Fast Elemental Mapping of Si and W Wafer Etching Residues

Elemental mapping with high input count rates (ICR) is desirable when analysis time should be minimized. When using typical input count rates (in this example 63 kcps) at short measurement times (1 frame = 7 seconds), the number of total counts is too low to provide quantitative element distributions or even to reveal the distribution without filtering (Figure 2 top).

Mapping is especially challenging when peak deconvolution is required, like in this example with Si-K and W-M peak line series overlaps (i.e., Si-Ka at 1.740 keV and W-Ma lines at 1.775 keV). An online deconvolution function is applied to the EDS mapping to retrieve the deconvolved net peak intensities (Figure 1).

Higher electron beam currents provide higher incoming count rates (ICR in this example 700 kcps) allowing fast EDS mapping with sufficient count statistics and preserved spectral quality. Using such measurement conditions, the new XFlash® 7 detectors provide a detailed element distribution image down to physically optimal resolution without the need for map filtering (Figures 2 bottom, 3 bottom).

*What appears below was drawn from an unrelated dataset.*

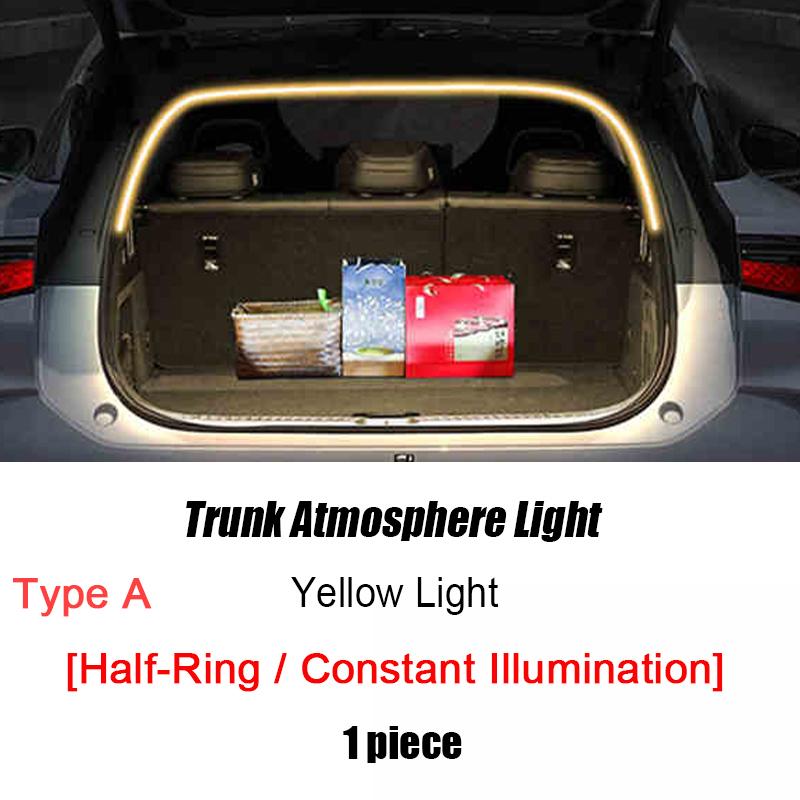For Hyundai IONIQ 5 N 2024 2025 Car Trunk Atmosphere Multi Function Lamp Ambient Lighting LED Strip Light Decoration Accessories A1-1401
For Hyundai IONIQ 5 N 2024 2025 Car Trunk Atmosphere Multi Function Lamp Ambient Lighting LED Strip Light Decoration Accessories A1-1401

Fig. 1: Peak deconvolution of the strongly overlapping Si-Ka (1.740 keV) and W-Ma (1.775 keV) lines
Fig. 2: Composite raw EDS maps distinguishing Si and W residues on etched Au. The measurements were done at 15kV and 1 frame (7 seconds measurement time). Top image: 63kcps ICR (18% dead time). Bottom image: 700kcps ICR (38% dead time). No image filter was used. The element distribution maps are based on deconvolved net intensities of the Si-K and W-M lines.
Fig. 3: Raw composite EDS maps acquired at 15kV with 20 frames (140 seconds measurement time). Top image: 63kcps ICR (18% dead time). Bottom image: 700kcps ICR (38% dead time). No image filter was used. The maps show deconvolved net intensities of the Si-K and W-M lines.